# Problem description
Exact reproduction is required for all entries.

** Opening Extracted material block **

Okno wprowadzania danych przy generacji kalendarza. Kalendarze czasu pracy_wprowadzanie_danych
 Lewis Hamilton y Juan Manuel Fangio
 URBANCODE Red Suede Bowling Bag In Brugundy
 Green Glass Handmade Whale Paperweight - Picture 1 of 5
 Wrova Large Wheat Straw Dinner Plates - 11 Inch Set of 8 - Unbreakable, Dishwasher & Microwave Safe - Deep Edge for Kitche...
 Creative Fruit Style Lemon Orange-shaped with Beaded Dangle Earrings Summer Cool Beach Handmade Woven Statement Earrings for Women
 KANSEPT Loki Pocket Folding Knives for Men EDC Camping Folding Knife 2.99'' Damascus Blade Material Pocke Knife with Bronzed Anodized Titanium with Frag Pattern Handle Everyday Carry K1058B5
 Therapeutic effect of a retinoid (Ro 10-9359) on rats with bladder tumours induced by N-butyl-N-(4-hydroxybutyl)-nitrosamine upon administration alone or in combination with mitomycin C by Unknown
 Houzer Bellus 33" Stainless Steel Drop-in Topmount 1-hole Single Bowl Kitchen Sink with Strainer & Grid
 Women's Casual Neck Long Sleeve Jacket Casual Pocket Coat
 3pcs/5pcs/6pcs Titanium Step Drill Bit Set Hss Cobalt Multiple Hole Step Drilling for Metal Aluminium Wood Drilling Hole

** Closing Extracted material block **

# Solved problem
Okno wprowadzania danych przy generacji kalendarza. Kalendarze czasu pracy_wprowadzanie_danych
 Lewis Hamilton y Juan Manuel Fangio
 URBANCODE Red Suede Bowling Bag In Brugundy
 Green Glass Handmade Whale Paperweight - Picture 1 of 5
 Wrova Large Wheat Straw Dinner Plates - 11 Inch Set of 8 - Unbreakable, Dishwasher & Microwave Safe - Deep Edge for Kitche...
 Creative Fruit Style Lemon Orange-shaped with Beaded Dangle Earrings Summer Cool Beach Handmade Woven Statement Earrings for Women
 KANSEPT Loki Pocket Folding Knives for Men EDC Camping Folding Knife 2.99'' Damascus Blade Material Pocke Knife with Bronzed Anodized Titanium with Frag Pattern Handle Everyday Carry K1058B5
 Therapeutic effect of a retinoid (Ro 10-9359) on rats with bladder tumours induced by N-butyl-N-(4-hydroxybutyl)-nitrosamine upon administration alone or in combination with mitomycin C by Unknown
 Houzer Bellus 33" Stainless Steel Drop-in Topmount 1-hole Single Bowl Kitchen Sink with Strainer & Grid
 Women's Casual Neck Long Sleeve Jacket Casual Pocket Coat
 3pcs/5pcs/6pcs Titanium Step Drill Bit Set Hss Cobalt Multiple Hole Step Drilling for Metal Aluminium Wood Drilling Hole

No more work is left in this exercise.